FYI: Although generic in nature, one can create an application on top of this, and this schema is well-suited to the Ruby On Rails framework with conventions such as "id" for the primary key for each table. Also the relationships are all simple one_to_many's with no many_to_many or has_many throughs needed. I would probably add has_many :throughs and/or :delegates though to get things like survey_name from an individual answer easily without.multiple.chaining.
You could also think about complex rules, and have a string based condition field in your Questions table, accepting/parsing any of these:
A(1)=3
( (A(1)=3) and (A(2)=4) )
A(3)>2
(A(3)=1) and (A(17)!=2) and C(1)
Where A(x)=y means "Answer of question x is y" and C(x) means the condition of question x (default is true)...
The questions have an order field, and you would go through them one-by one, skipping questions where the condition is FALSE.
This should allow surveys of any complexity you want, your GUI could automatically create these in "Simple mode" and allow for and "Advanced mode" where a user can enter the equations directly.
one way is to add a table 'question requirements' with fields:
question_id (link to the "which brand?" question)
required_question_id (link to the "do you smoke?" question)
required_answer_id (link to the "yes" answer)
In the application you check this table before you pose a certain question.
With a seperate table, it's easy adding required answers (adding another row for the "sometimes" answer etc...)
Personally, in this case, I would use the structure you described and use the database as a dumb storage mechanism.
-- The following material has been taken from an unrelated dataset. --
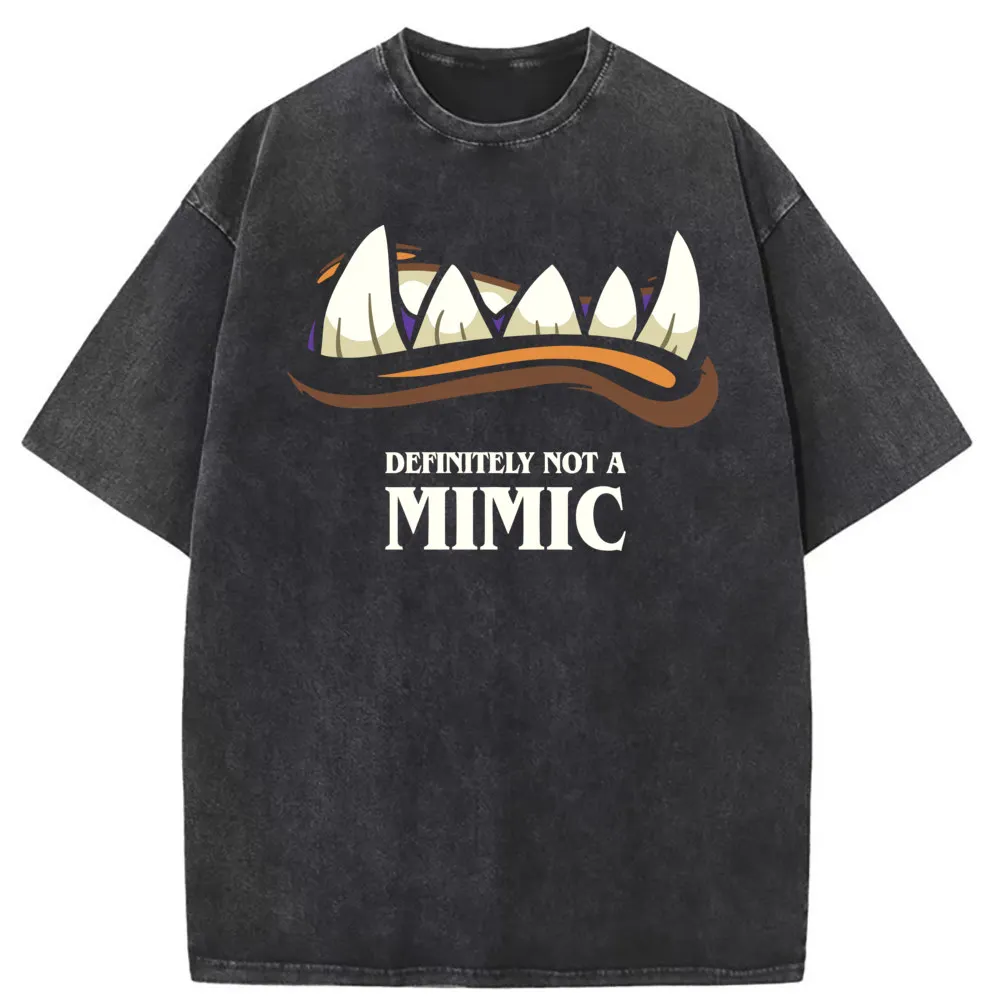 DEFINITELY NOT A MIIMIC T Shirt New Long Sleeve Oversized Tshirt Washed 3d Style Sportswears For Men Thanksgiving Day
I'm fan of putting these complex and dependend constraints into the application layer.
I think the only way to enforce these constraints without building new tables for every question with foreign keys to others, is to use the T-SQL stuff or other vendor specific mechanisms to build database triggers to enforce these constraints.
At an application level you got so much more possibilities and it is easier to port, so I would prefer that option.
I hope this will help you in finding a strategy for your app.